**EXERCISE**
All entries are to be copied verbatim, while the pictures stay out.

** Opening DATA LISTING block **

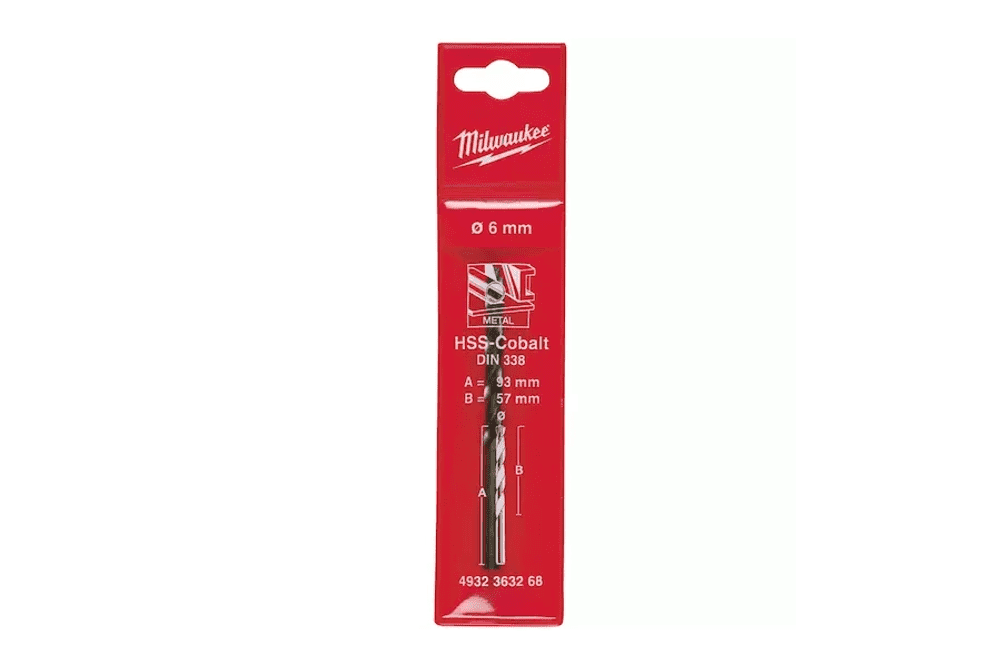 SVEDER ZA KOVINO HSS-CO D338 6,0MM MILWUAKEE (1.KOM)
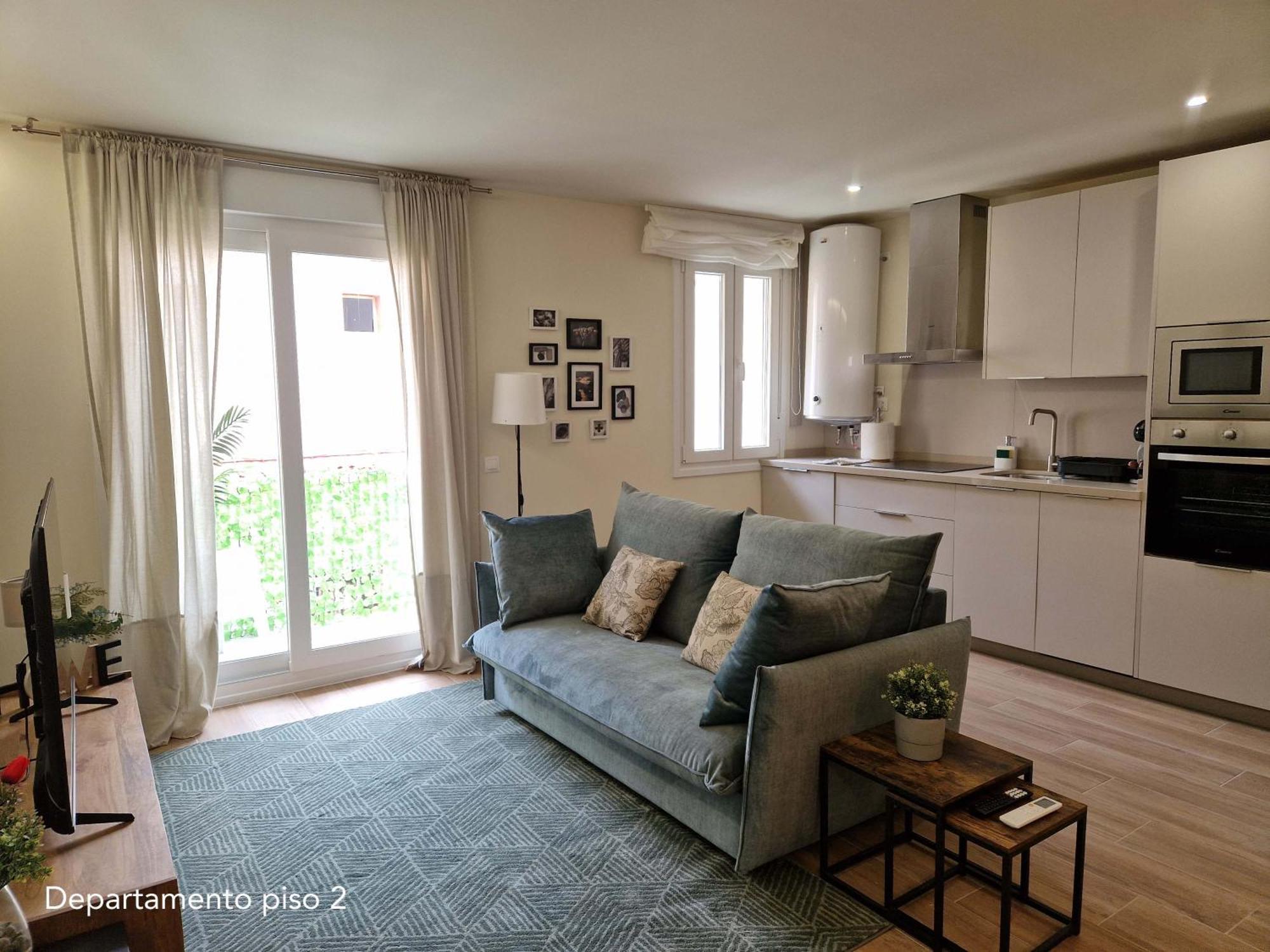 מאלגה Virgen De Gracia Apartments חדר תמונה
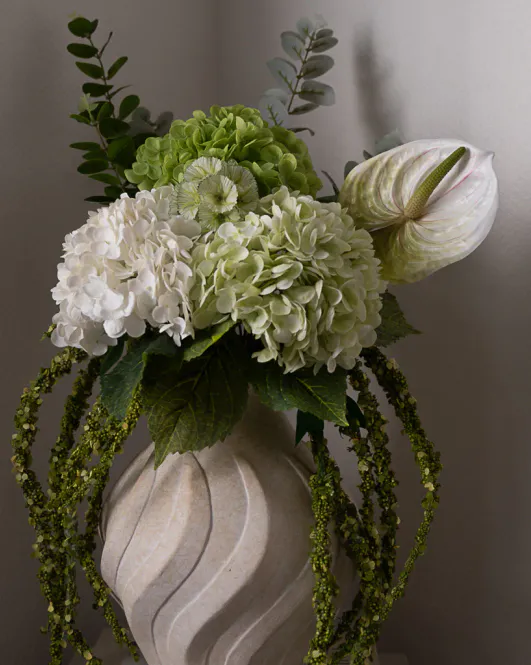 Hovedbilde Emerald Silk Bouquet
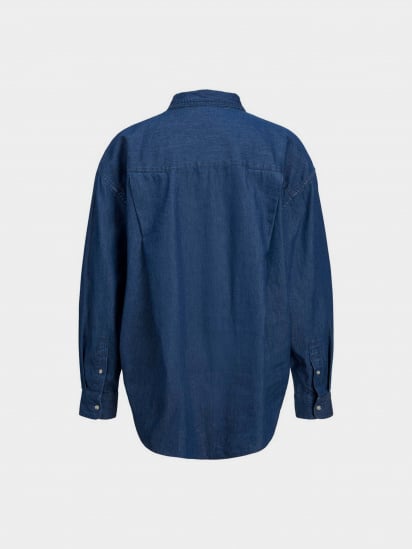 Рубашка JJXX JxJamie модель 12214025_Medium Blue Denim — фото 6 - INTERTOP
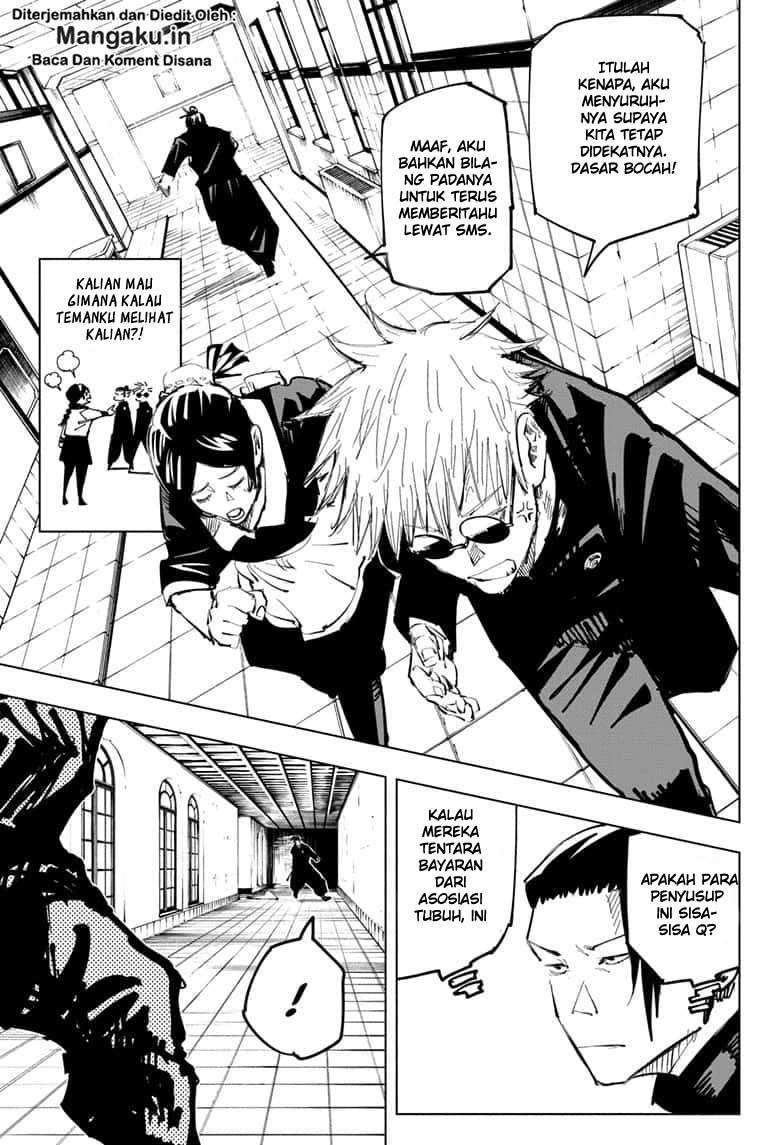 Jujutsu Kaisen Chapter 68 - halaman 6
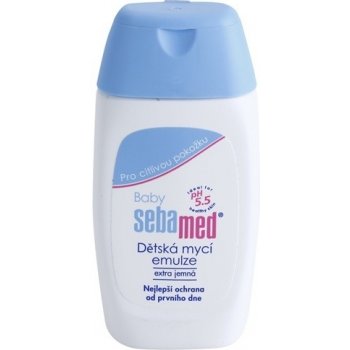 Sebamed dětská mycí emulze extra jemná 50 ml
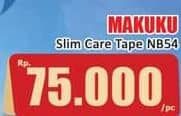 Promo Harga Makuku SAP Diapers Slim Care Tape NB54 54 pcs - Hari Hari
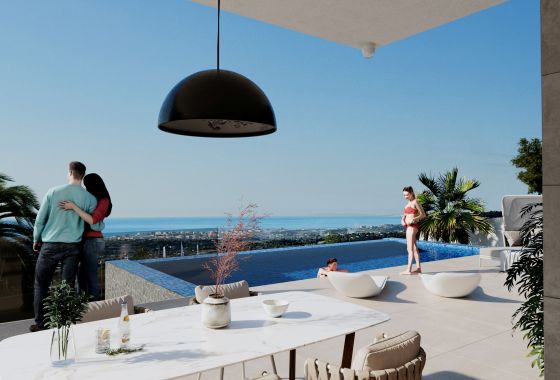 Villa · 新建筑 - Finestrat · Alicante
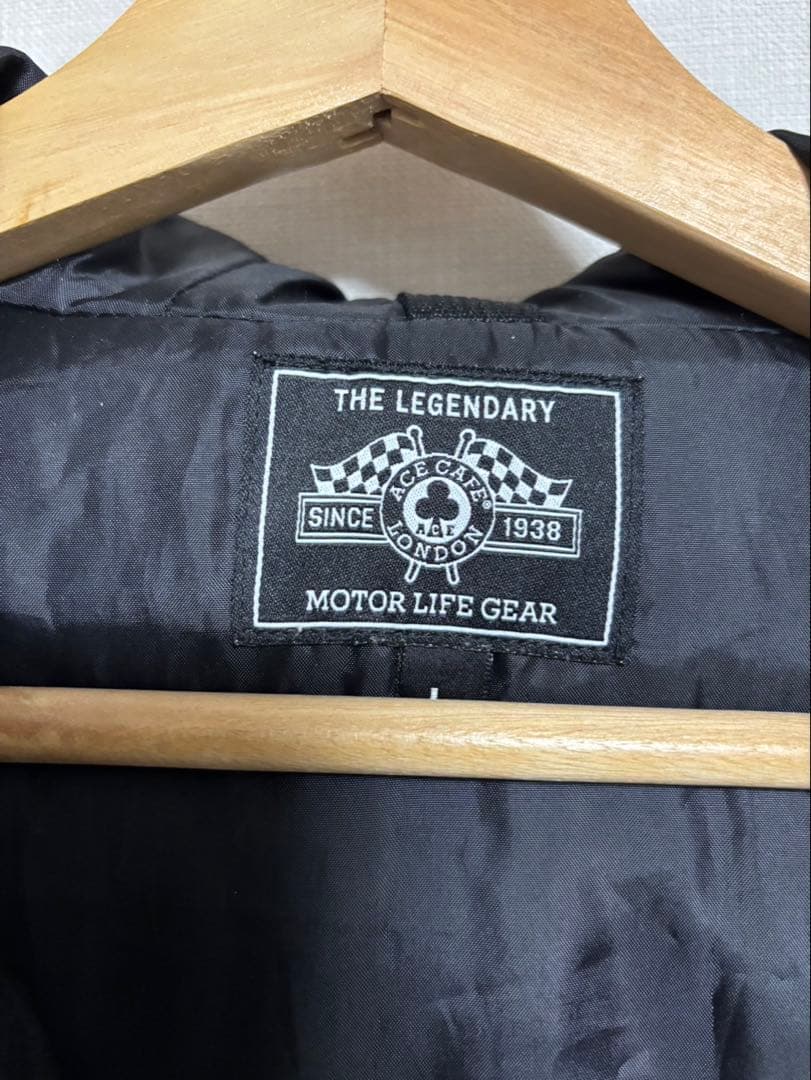 エースカフェロンドン冬用ソフトシェルライディングジャケット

** Closing DATA LISTING block **

**REPLY TO THE TASK**
 SVEDER ZA KOVINO HSS-CO D338 6,0MM MILWUAKEE (1.KOM)
 מאלגה Virgen De Gracia Apartments חדר תמונה
 Hovedbilde Emerald Silk Bouquet
 Рубашка JJXX JxJamie модель 12214025_Medium Blue Denim — фото 6 - INTERTOP
 Jujutsu Kaisen Chapter 68 - halaman 6
 Sebamed dětská mycí emulze extra jemná 50 ml
 Promo Harga Makuku SAP Diapers Slim Care Tape NB54 54 pcs - Hari Hari
 Villa · 新建筑 - Finestrat · Alicante
 エースカフェロンドン冬用ソフトシェルライディングジャケット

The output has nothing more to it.